– Trading subdued ahead of US CPI Wednesday
– Commodities, including oil prices, climb
– US dollar opens modestly lower
USDCAD Snapshot open 1.2843-47, overnight range 1.2846-1.2872 close 1.2856, WTI oil $90.26, Gold $1791.05
The Canadian dollar beat back selling pressures yesterday morning, rallied throughout the day, and consolidated gains in a tranquil overnight session.
USDCAD is trading choppily in a 1.2740-1.2980 range, which has contained price action for nearly three weeks. Some analysts warn that Friday’s weaker than expected Canadian Labour Force survey reduces the need for the Bank of Canada to raise rates aggressively on September 7. The soft employment picture suggests the Canadian economy may be slowing.
The Canadian employment data contrasted sharply with the employment results south of the border. The surprisingly strong nonfarm payrolls data points to a still robust economy that can easily withstand higher US interest rates. That divergence will limit near-term Canadian dollar gains.
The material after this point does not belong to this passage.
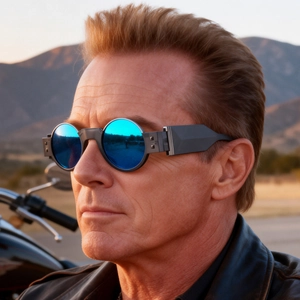 Round Sunglasses Men PC Metal Frame UV400 Protection Outdoor Travel Retro Punk Cyberpunk Fashion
We are nearing the end of the dog days of summer (July 3 to August 11), but trading won’t return to normal volumes until after Labour Day.
There were no top tier economic reports from Europe, Canada, or the US yesterday, and it will be the same today.
Fortunately, former President Donald Trump provided a distraction. The FBI raided his Mar-a-Lago estate last night to search for classified documents illegally removed from the White House.
Wall Street finished close to unchanged yesterday, which didn’t give Asian equity traders an incentive to trade. The Nikkei 225 lost 0.88%, while Australia’s ASX 200 index gained 0.13%. European bourses are trading in negative territory except for the UK FTSE 100, which is flat. Wall Street equity futures are flat to lower, while oil and gold prices are higher.
EURUSD traded in a 1.0190-1.0247 range, with most of the gains coming during the European session.
There wasn’t a specific catalyst for the rally except for position adjusting in anticipation of a weak US inflation number. The EURUSD technicals are bearish below 1.0290.
GBPUSD led the EURUSD move, rising from 1.2068 to 1.2129 after Bank of England Deputy Governor Dave Ramsden mentioned cutting rates in the event of an economic slowdown. However, markets completely ignored his comment that a rate cut scenario was not his forecast. GBPUSD technicals are bearish below 1.2210.
USDJPY was choppy in a 134.68-135.15 band ahead of Wednesday’s US inflation data, with activity curtailed by steady US 10-year Treasury yields at 2.792%.
AUDUSD traded in a 0.6966-0.6993 range with prices underpinned by an improvement in the Nation Australia Bank’s Business Conditions survey (actual 20 vs previous 14).